GNNIE: GNN Inference Engine with Load-balancing and Graph-Specific Caching
This work solves the problem of inefficient GNN inference for real-world applications with large, sparse graphs, offering significant performance improvements over existing hardware.
The paper tackles the challenge of accelerating graph neural network (GNN) inference by proposing GNNIE, an accelerator that addresses workload imbalance and memory access issues, achieving speedups of up to 21233x over CPUs and 699x over GPUs on various GNN models and datasets.

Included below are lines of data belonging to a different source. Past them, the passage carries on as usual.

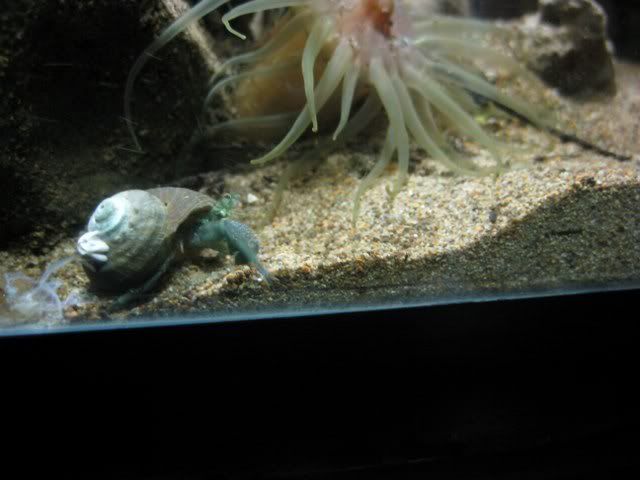 hermit2_640x480.jpg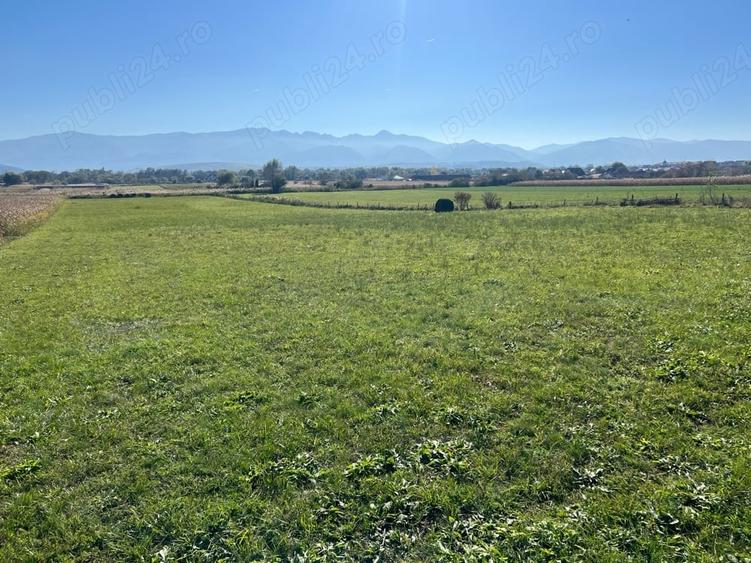 Teren de 7500 mp, în Central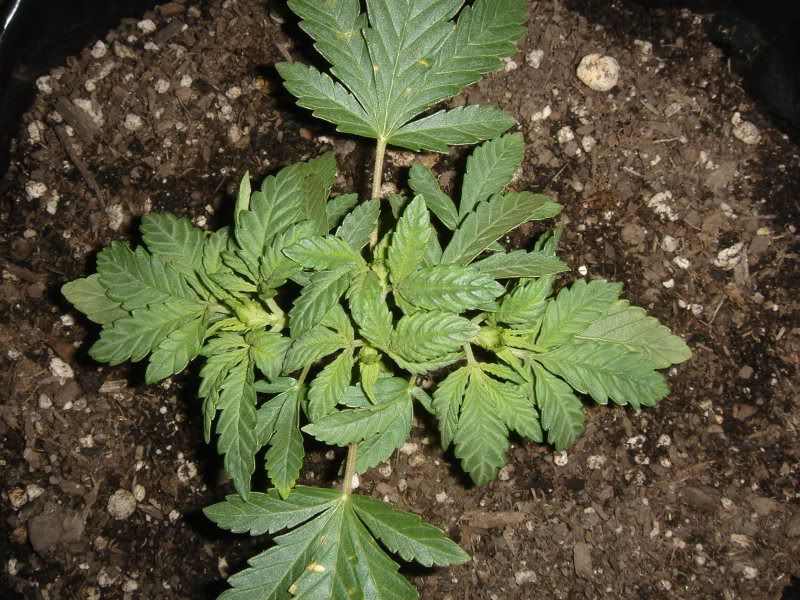 plants001.jpg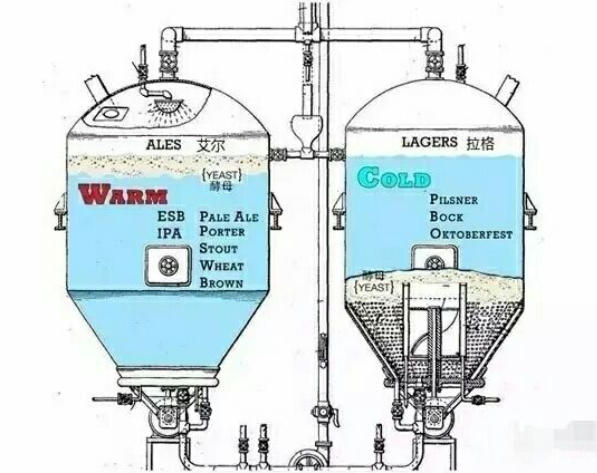 The difference between Lager and Ale brewing
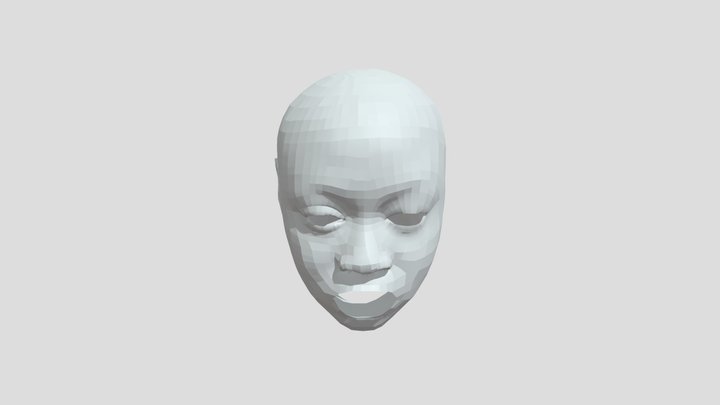 Face Retopolgize 3D Model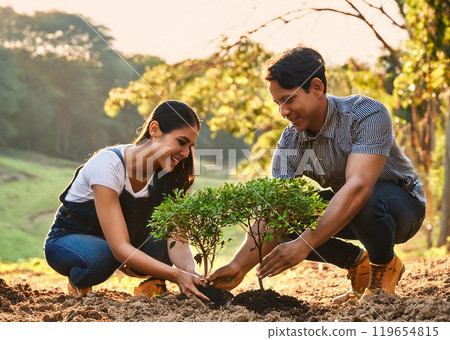 Tree planting 119654815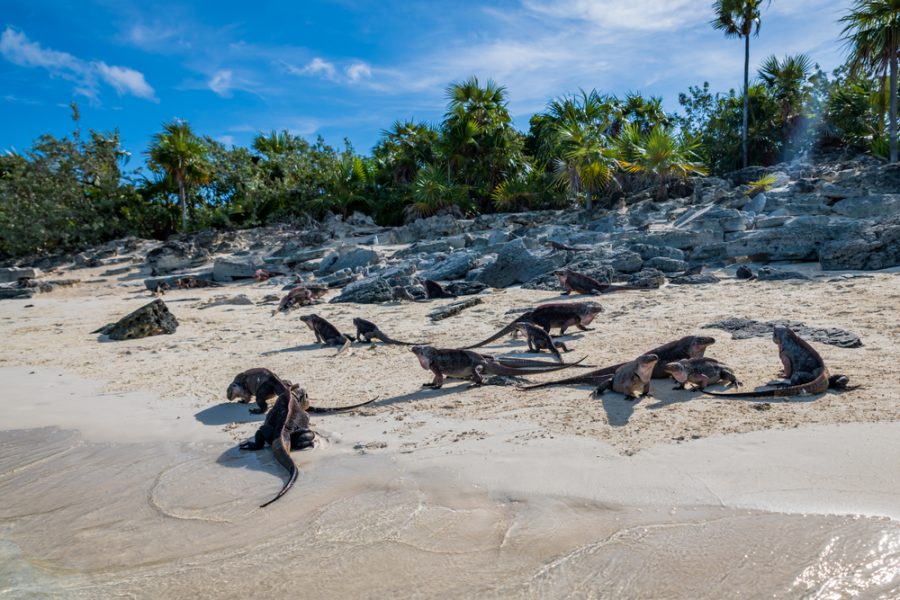 Exumas yacht charter iguanas Allens Cay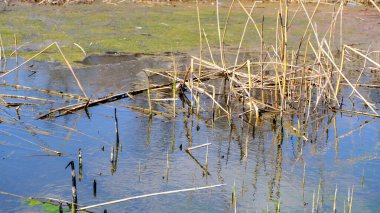 Bulrush gölde. Kirli su yüzeyi. Bataklık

Graph neural networks (GNN) analysis engines are vital for real-world problems that use large graph models. Challenges for a GNN hardware platform include the ability to (a) host a variety of GNNs, (b) handle high sparsity in input vertex feature vectors and the graph adjacency matrix and the accompanying random memory access patterns, and (c) maintain load-balanced computation in the face of uneven workloads, induced by high sparsity and power-law vertex degree distributions. This paper proposes GNNIE, an accelerator designed to run a broad range of GNNs. It tackles workload imbalance by (i)~splitting vertex feature operands into blocks, (ii)~reordering and redistributing computations, (iii)~using a novel flexible MAC architecture. It adopts a graph-specific, degree-aware caching policy that is well suited to real-world graph characteristics. The policy enhances on-chip data reuse and avoids random memory access to DRAM. GNNIE achieves average speedups of 21233x over a CPU and 699x over a GPU over multiple datasets on graph attention networks (GATs), graph convolutional networks (GCNs), GraphSAGE, GINConv, and DiffPool. Compared to prior approaches, GNNIE achieves an average speedup of 35x over HyGCN (which cannot implement GATs) for GCN, GraphSAGE, and GINConv, and, using 3.4x fewer processing units, an average speedup of 2.1x over AWB-GCN (which runs only GCNs).